----- INFORMATION SHOWN
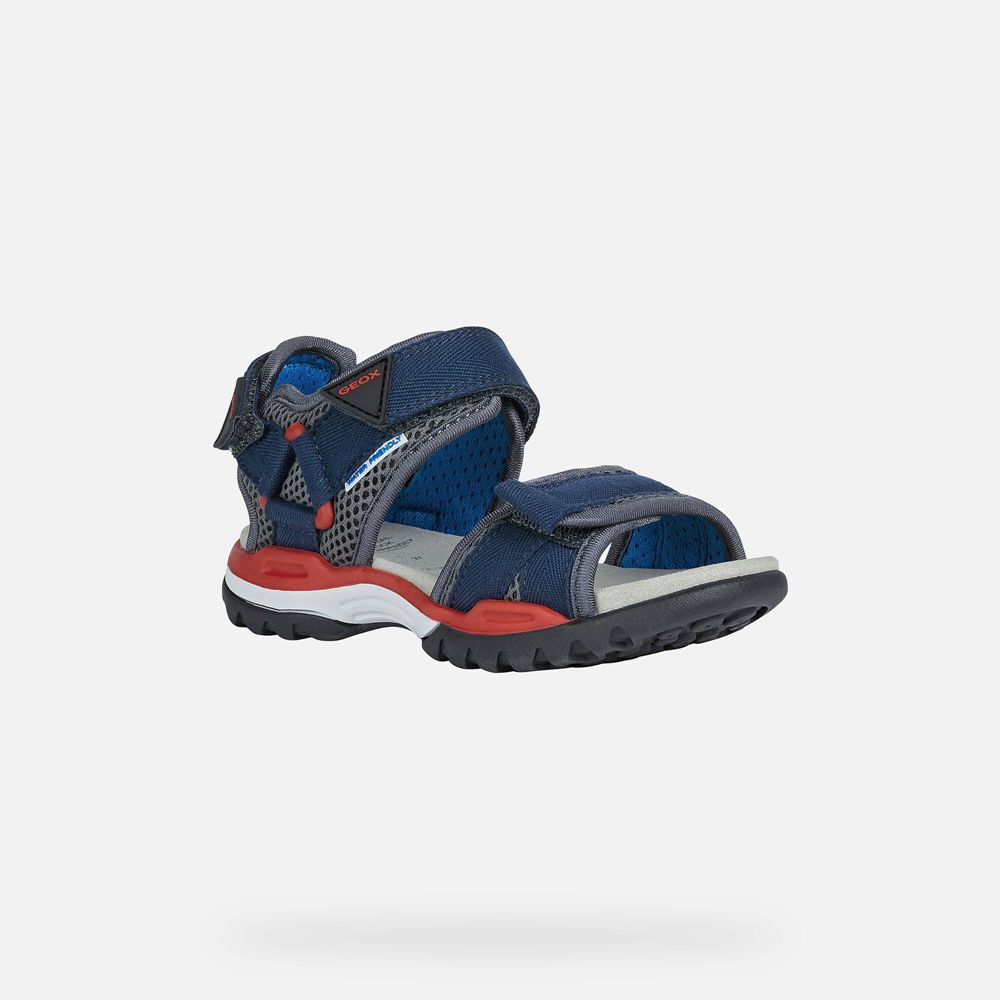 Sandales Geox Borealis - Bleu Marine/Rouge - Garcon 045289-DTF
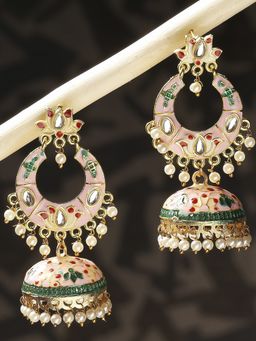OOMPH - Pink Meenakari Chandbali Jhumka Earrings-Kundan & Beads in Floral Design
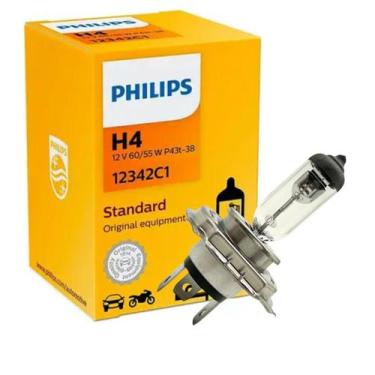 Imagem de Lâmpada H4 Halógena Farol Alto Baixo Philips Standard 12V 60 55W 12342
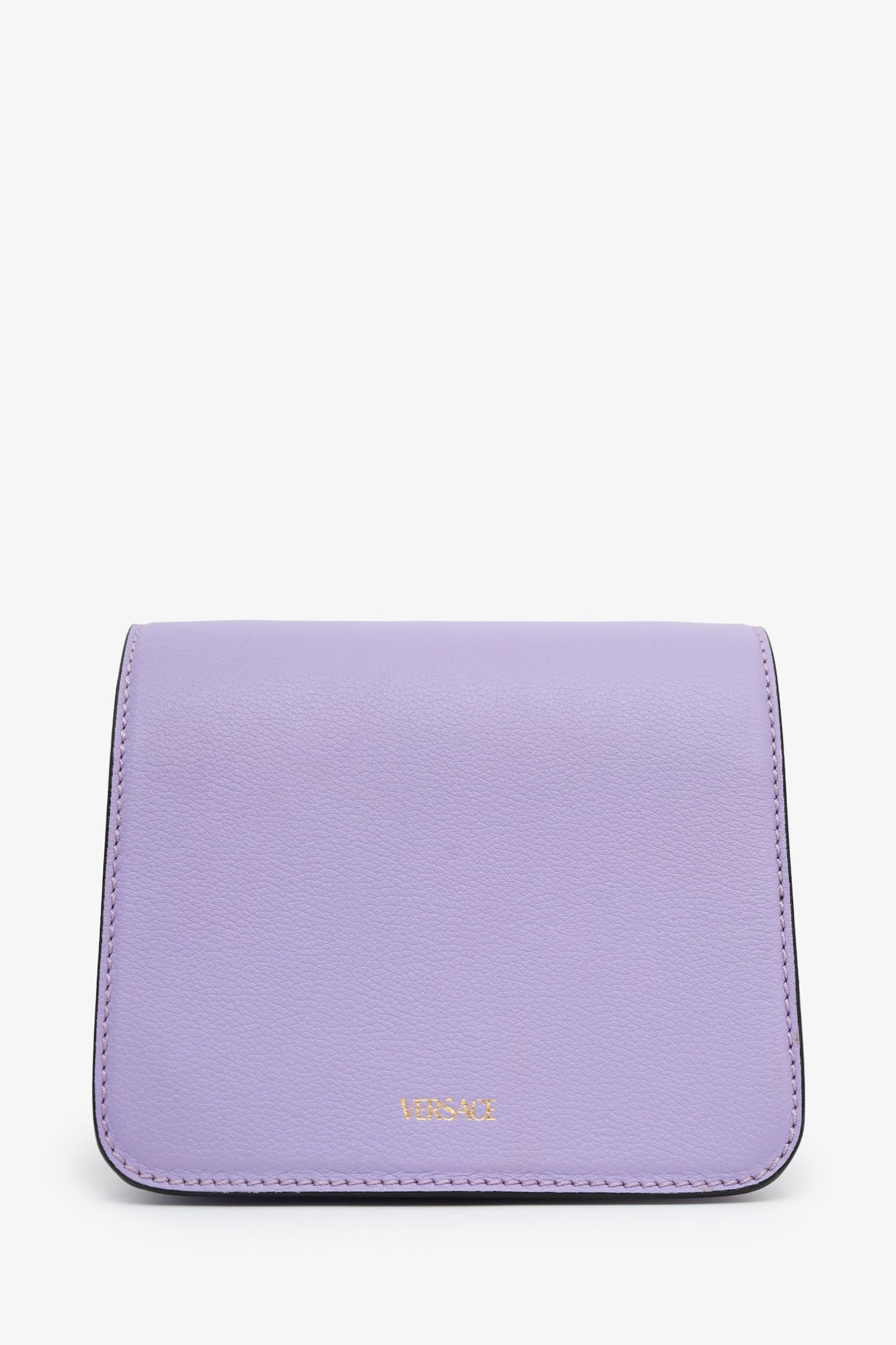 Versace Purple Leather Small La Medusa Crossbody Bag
----------
Would you retype exactly the lines running from the line that contains "Imagem de Lâmpada" through the end of the listing above, both included? Skip every picture.

### TASK ANSWER
 Imagem de Lâmpada H4 Halógena Farol Alto Baixo Philips Standard 12V 60 55W 12342
 Versace Purple Leather Small La Medusa Crossbody Bag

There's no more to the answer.